# [Data excerpt]
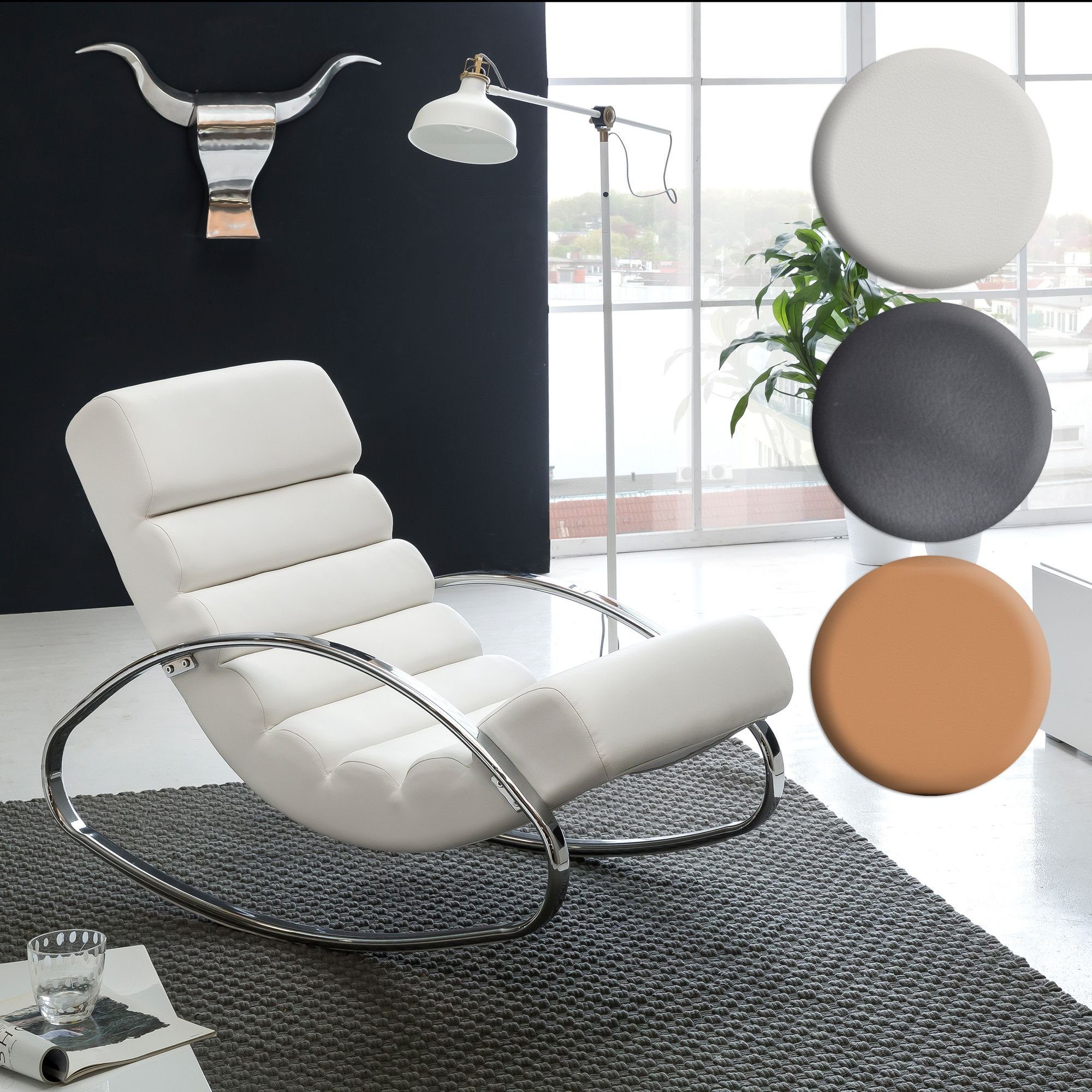 FINEBUY Schaukelstuhl SuVa4025_1 (Relaxliege Kunstleder Weiß 61x81x111 cm Wohnzimmer), Relaxsessel mit Armlehnen, Fernsehsessel Modern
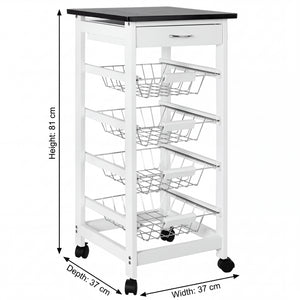 4-Tier Wooden Kitchen Trolley - White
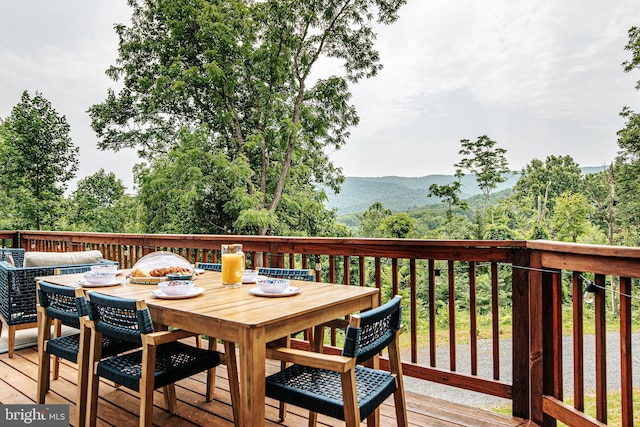 726 Harmony Orchard Rd, Front Royal, VA 22630 - wooden terrace featuring outdoor dining area and a mountain view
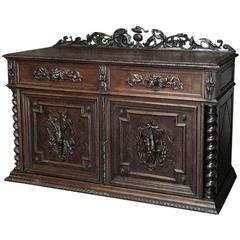 19th Century French Oak Renaissance Hunt Secretary, Circa 1860's.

# [Task objective]
Restate word for word only the lines from the one with "4-Tier Wooden Kitchen Trolley - White" through the last line of the material, both included. Any picture should be left out.

# [Completed task]
 4-Tier Wooden Kitchen Trolley - White
 726 Harmony Orchard Rd, Front Royal, VA 22630 - wooden terrace featuring outdoor dining area and a mountain view
 19th Century French Oak Renaissance Hunt Secretary, Circa 1860's.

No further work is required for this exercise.